== Data for this task ==

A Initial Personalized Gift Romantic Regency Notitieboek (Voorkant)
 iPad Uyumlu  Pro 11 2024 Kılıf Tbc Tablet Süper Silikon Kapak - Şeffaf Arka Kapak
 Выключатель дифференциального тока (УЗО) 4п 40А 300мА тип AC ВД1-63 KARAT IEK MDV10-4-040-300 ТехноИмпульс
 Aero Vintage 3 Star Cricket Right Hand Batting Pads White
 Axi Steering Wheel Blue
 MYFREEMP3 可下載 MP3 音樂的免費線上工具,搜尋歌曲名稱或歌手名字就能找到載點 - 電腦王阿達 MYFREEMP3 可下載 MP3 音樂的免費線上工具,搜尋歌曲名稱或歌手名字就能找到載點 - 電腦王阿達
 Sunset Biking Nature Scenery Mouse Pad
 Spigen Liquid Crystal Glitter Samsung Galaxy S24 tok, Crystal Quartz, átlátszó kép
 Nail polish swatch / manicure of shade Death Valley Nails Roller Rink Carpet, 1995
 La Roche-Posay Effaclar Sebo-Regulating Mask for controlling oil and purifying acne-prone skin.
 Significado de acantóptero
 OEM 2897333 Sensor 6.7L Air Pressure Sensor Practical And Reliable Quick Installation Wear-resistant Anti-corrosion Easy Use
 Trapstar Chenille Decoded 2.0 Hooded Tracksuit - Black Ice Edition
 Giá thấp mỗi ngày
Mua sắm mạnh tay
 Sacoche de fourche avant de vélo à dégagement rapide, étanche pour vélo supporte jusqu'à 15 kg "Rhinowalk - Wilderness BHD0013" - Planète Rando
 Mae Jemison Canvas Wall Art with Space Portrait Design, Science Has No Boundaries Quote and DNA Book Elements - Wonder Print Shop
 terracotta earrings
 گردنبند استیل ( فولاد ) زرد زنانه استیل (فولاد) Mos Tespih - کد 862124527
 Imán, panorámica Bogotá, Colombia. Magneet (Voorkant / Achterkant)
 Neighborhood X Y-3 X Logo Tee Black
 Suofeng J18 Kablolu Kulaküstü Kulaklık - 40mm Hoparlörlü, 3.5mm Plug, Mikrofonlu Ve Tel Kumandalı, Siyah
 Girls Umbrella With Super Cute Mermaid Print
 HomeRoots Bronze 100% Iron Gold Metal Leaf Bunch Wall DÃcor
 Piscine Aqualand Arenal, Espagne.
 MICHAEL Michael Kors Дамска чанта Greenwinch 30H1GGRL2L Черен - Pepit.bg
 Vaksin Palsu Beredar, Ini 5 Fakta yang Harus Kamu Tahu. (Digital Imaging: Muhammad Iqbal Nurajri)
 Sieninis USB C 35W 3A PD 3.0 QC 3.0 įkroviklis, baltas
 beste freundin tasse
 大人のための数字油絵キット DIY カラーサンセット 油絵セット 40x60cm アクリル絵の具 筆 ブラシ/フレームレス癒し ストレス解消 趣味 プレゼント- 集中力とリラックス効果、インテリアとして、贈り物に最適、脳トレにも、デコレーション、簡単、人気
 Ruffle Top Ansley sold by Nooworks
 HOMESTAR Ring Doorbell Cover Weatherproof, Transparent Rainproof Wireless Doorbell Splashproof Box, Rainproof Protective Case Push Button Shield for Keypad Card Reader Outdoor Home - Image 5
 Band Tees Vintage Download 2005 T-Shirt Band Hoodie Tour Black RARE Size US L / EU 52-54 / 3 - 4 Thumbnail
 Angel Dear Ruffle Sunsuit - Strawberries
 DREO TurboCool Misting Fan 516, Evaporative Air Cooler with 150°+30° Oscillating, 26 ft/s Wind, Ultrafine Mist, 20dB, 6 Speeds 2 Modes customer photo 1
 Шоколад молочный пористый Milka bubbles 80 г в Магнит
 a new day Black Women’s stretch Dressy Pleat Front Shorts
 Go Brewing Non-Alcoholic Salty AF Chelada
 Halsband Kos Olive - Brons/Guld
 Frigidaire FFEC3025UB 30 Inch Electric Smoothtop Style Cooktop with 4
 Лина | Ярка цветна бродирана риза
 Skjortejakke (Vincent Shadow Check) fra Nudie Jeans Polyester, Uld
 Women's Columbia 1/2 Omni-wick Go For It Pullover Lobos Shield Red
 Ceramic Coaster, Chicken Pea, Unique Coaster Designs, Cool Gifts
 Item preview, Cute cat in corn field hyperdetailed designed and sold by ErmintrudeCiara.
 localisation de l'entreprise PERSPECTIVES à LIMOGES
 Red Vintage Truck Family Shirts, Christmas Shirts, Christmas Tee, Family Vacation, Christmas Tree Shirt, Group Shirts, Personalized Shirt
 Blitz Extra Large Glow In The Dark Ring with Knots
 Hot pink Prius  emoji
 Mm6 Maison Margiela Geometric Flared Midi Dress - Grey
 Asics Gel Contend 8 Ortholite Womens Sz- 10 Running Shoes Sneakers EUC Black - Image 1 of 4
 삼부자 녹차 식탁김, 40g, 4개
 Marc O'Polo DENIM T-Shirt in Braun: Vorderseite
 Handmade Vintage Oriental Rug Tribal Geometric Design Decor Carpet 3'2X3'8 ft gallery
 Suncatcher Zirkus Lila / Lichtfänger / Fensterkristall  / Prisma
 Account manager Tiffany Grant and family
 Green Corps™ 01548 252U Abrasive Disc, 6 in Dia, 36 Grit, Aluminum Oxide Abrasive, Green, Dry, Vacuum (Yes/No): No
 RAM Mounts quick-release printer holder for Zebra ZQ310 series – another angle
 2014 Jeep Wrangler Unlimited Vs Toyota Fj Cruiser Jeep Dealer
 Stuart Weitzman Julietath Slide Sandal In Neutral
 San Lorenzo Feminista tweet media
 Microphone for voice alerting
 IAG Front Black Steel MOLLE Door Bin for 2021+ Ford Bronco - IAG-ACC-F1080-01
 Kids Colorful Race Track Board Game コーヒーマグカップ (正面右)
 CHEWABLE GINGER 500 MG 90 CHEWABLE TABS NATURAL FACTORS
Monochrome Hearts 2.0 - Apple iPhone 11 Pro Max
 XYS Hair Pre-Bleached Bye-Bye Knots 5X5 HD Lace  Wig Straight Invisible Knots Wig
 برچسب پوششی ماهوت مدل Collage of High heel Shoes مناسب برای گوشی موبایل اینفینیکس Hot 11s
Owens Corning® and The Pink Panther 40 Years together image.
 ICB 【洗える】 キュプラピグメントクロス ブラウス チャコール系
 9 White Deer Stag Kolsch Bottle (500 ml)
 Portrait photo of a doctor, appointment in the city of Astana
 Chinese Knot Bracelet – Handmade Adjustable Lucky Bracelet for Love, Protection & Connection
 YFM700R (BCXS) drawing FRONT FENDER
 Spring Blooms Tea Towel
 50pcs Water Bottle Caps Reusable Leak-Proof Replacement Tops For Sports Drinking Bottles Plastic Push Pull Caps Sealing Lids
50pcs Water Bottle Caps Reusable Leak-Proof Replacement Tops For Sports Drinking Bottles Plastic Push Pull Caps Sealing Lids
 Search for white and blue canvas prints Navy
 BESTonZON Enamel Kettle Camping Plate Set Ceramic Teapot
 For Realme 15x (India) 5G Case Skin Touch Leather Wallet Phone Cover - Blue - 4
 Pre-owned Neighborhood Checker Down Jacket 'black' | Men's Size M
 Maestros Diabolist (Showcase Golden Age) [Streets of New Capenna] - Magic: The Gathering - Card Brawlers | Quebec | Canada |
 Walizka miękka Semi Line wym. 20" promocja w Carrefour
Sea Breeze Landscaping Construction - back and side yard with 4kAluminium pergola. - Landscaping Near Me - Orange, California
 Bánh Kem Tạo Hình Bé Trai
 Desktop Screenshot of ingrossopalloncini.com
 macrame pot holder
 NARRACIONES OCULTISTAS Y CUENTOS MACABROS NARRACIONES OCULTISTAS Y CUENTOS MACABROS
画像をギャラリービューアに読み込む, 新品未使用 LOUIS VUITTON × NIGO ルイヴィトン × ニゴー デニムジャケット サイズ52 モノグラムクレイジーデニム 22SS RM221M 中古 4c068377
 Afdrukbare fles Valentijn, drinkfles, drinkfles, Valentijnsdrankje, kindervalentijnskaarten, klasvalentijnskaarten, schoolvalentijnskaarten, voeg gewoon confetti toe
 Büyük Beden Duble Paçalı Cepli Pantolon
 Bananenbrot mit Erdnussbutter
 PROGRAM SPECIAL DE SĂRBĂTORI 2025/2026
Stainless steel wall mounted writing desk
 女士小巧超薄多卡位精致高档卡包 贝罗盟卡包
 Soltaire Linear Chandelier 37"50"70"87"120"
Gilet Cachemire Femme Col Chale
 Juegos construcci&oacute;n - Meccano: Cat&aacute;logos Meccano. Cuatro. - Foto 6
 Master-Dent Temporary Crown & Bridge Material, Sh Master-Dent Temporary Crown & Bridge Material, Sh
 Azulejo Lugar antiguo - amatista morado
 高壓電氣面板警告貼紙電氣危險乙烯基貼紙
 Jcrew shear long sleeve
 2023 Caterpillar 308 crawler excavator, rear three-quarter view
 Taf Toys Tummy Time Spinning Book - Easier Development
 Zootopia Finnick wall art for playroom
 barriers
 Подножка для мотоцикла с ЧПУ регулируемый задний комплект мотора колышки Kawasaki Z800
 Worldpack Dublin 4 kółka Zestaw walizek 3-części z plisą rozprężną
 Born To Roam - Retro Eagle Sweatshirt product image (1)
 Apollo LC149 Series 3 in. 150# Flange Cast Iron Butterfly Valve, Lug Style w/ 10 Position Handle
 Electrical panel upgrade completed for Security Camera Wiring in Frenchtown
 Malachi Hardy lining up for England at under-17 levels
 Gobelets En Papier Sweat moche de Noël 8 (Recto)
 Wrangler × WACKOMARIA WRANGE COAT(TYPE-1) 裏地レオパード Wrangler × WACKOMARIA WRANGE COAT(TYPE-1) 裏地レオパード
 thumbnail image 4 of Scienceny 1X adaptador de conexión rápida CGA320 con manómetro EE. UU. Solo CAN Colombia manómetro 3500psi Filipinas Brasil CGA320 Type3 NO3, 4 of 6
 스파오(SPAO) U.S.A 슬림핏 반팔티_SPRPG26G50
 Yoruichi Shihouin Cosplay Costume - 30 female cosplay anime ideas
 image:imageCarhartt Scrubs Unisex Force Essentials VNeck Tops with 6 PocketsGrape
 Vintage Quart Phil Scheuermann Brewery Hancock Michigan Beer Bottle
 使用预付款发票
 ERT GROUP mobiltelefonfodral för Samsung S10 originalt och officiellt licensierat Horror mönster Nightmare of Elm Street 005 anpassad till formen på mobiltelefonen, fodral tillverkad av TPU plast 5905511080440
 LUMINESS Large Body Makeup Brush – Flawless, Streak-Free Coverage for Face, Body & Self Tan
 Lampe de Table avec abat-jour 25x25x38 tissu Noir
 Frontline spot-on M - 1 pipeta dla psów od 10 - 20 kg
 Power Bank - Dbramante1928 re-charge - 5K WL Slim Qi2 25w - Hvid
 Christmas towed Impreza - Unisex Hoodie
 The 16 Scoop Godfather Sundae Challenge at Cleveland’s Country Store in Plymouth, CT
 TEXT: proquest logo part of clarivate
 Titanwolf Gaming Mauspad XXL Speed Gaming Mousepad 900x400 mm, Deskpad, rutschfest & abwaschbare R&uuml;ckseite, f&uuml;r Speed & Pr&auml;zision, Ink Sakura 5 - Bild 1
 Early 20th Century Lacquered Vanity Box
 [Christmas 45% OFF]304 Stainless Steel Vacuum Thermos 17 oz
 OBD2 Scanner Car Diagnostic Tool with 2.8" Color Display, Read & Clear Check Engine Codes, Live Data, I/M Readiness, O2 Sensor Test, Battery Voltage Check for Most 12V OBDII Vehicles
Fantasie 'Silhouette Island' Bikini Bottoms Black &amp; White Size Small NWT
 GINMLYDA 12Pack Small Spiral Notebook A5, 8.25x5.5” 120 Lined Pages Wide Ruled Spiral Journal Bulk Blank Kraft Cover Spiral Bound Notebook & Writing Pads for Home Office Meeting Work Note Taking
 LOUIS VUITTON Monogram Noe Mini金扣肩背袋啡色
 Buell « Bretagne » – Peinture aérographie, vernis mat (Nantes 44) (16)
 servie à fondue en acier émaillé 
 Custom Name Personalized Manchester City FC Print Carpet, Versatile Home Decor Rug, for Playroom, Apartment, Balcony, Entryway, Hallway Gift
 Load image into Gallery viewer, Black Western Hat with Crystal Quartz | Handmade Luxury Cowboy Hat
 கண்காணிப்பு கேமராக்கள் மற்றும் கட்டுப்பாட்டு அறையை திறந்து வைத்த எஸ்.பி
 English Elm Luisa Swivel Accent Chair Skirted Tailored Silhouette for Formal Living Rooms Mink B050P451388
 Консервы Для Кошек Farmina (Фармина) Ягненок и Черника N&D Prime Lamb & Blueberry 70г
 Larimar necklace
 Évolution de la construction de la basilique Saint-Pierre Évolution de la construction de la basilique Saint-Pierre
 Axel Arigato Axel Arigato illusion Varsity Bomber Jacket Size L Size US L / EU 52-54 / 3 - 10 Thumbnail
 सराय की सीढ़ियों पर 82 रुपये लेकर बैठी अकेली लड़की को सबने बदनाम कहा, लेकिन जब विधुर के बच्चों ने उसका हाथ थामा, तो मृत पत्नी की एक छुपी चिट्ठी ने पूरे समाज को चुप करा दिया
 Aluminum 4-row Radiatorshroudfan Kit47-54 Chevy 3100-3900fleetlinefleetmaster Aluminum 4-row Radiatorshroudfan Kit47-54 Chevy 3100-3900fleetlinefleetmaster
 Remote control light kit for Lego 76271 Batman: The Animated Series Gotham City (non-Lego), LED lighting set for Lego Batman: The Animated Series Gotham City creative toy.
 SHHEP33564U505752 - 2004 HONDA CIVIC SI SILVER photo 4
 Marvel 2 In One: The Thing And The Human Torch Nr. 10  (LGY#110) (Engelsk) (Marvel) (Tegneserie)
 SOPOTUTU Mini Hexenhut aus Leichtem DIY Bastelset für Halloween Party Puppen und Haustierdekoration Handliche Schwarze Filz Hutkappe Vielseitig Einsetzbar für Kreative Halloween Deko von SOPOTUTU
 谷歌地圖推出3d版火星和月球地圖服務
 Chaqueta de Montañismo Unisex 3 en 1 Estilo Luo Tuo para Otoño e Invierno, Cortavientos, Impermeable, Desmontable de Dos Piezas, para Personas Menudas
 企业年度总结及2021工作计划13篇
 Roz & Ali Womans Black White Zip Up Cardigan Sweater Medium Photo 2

== Instructions to follow ==
Word for word, restate the lines above from the line containing "Green Corps™ 01548" through the line containing "Search for white and blue canvas prints Navy", with both included and nothing else.

== The answer ==
 Green Corps™ 01548 252U Abrasive Disc, 6 in Dia, 36 Grit, Aluminum Oxide Abrasive, Green, Dry, Vacuum (Yes/No): No
 RAM Mounts quick-release printer holder for Zebra ZQ310 series – another angle
 2014 Jeep Wrangler Unlimited Vs Toyota Fj Cruiser Jeep Dealer
 Stuart Weitzman Julietath Slide Sandal In Neutral
 San Lorenzo Feminista tweet media
 Microphone for voice alerting
 IAG Front Black Steel MOLLE Door Bin for 2021+ Ford Bronco - IAG-ACC-F1080-01
 Kids Colorful Race Track Board Game コーヒーマグカップ (正面右)
 CHEWABLE GINGER 500 MG 90 CHEWABLE TABS NATURAL FACTORS
Monochrome Hearts 2.0 - Apple iPhone 11 Pro Max
 XYS Hair Pre-Bleached Bye-Bye Knots 5X5 HD Lace  Wig Straight Invisible Knots Wig
 برچسب پوششی ماهوت مدل Collage of High heel Shoes مناسب برای گوشی موبایل اینفینیکس Hot 11s
Owens Corning® and The Pink Panther 40 Years together image.
 ICB 【洗える】 キュプラピグメントクロス ブラウス チャコール系
 9 White Deer Stag Kolsch Bottle (500 ml)
 Portrait photo of a doctor, appointment in the city of Astana
 Chinese Knot Bracelet – Handmade Adjustable Lucky Bracelet for Love, Protection & Connection
 YFM700R (BCXS) drawing FRONT FENDER
 Spring Blooms Tea Towel
 50pcs Water Bottle Caps Reusable Leak-Proof Replacement Tops For Sports Drinking Bottles Plastic Push Pull Caps Sealing Lids
50pcs Water Bottle Caps Reusable Leak-Proof Replacement Tops For Sports Drinking Bottles Plastic Push Pull Caps Sealing Lids
 Search for white and blue canvas prints Navy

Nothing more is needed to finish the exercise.